The question was posed by a number of analysts yesterday (26 October) as Schumacher presented an ‘action plan’ to revive Unilever’s performance, including restoring volumes in nutrition and ice cream, improving group competitiveness and market share and fostering more impactful innovation.
“Our performance in nutrition and ice cream needs to improve from here,” Schumacher said, as the Hellmann’s mayonnaise and Magnum ice-cream maker reported a decline in volumes across those divisions, while volumes rose in other business areas - personal and home care, and beauty and wellbeing.
His predecessor Alan Jope had also warded off the possibility of spinning out food - nutrition and ice cream - during his tenure, although he did reorganise Unilever’s business units last year.
Schumacher stated there would be “no major transformational acquisitions”, prompting prodding from one analyst on potential disposals or splitting up food if the segment does not improve performance.
“We see the biggest value creation opportunity in operating our current businesses very well,” the CEO, who took up the role on 1 July, said in response during a Q&A session with analysts.
“Things can always change at some point in time but I believe that the current value-creation opportunity that is on the table is really to improve our business that we have, while we continue to optimise the portfolio like we've done in the last two to three years.”
"Losing share"
Schumacher explained his tasks and challenges for Unilever as a group during his opening presentation.
“I'm not happy with our overall competitiveness, and although there are positions where we are fully competitive, and some areas where we have made conscious choices to delist unprofitable volume, there are still too many situations where we are losing share because, for example, competition is premiumising faster or executing better than we are," he said.
“That means recognising that across a number of important metrics, the quality of performance has fallen short.
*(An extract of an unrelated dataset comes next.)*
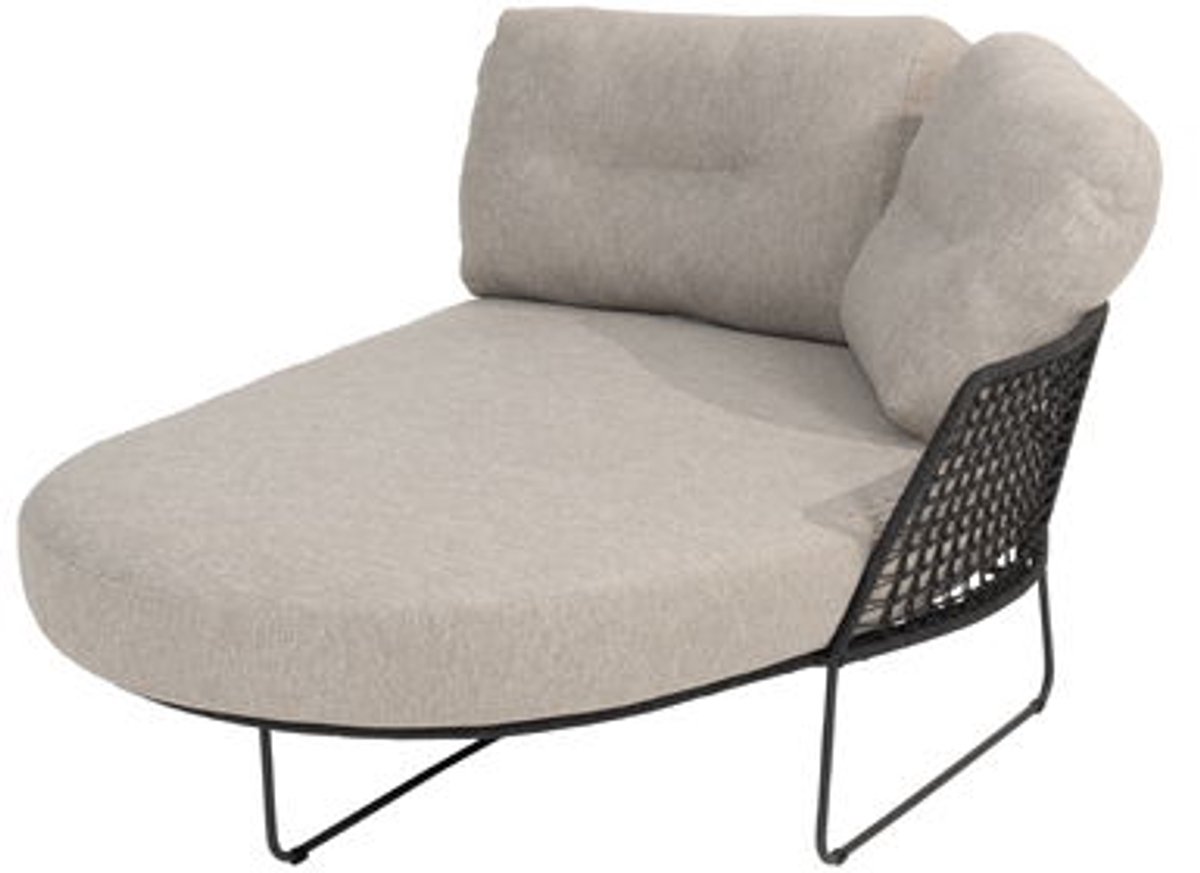 Taste Rhodos chaise lounge links antraciet - 4so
Taken over the last six years, volume growth has been lacking, competitiveness has struggled to get to, and stay at the levels expected, and that's not good enough.”
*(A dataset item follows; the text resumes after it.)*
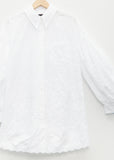 Signature Sleeve Shirt Dress W/ Trim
From a food perspective, Unilever’s volumes in nutrition and ice cream dropped in the third quarter and over the year so far, although the categories posted underlying sales growth (USG).
In ice cream, Unilever said volumes were impacted by consumers downgrading to “value formats” with private label gaining market share, and also because of the “less favourable” summer weather, particularly in Europe.
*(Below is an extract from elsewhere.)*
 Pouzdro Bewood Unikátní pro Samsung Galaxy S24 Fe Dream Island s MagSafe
Third-quarter retail ice-cream volumes fell 10.1% and were down 6.9% year to date, influencing all category volumes in Europe. For the group across all categories in that region, volumes declined 10.7% and 8.1%, respectively.
Nutrition volumes dropped 3.8% and 2.6%.
Schumacher was asked if pricing had an impact on ice-cream and nutrition volumes as Unilever raised prices by 8.2% and 10.4%, respectively, in the two periods for the former, and 9.8% and 11.6% for the latter.
“I don't think that we have priced too much. Certainly not. In fact, if you look at total input costs, and to the extent that we have priced, we have not fully recovered inflation and gross margins, [which] particularly in Europe remain somewhat under pressure," he said.
Outgoing CFO Graeme Pitkethly, whose successor Fernando Fernandez was named yesterday, added: “Nutrition and ice cream are still responding to high input-cost inflation and we also working on portfolio improvement, especially in Europe.
“But although the landscape remains volatile, we do see the path back to positive overall volumes at group level as pricing moderates, and this gives us the confidence to maintain our outlook for the full year.”
That guidance is a group USG print of 3-5%, with Schumacher confident the metric will exceed the top level as he emphasised an objective to continue to focus on Unilever’s so-called billion-euro ‘power brands’, representing 70% of turnover.
“They represent our biggest value-creation opportunity, which means they need to be brilliantly executed and consistently supported before anything else,” Schumacher explained. “And this doesn't mean other brands are not important or will be sold or under-invested.”
He added: “We will continue to prune the portfolio in areas that are less strategically attractive. This will be accompanied by selective bolt-on acquisitions focused in specific high-growth areas, provided they meet the higher bar for M&A criteria and parameters for value creation.”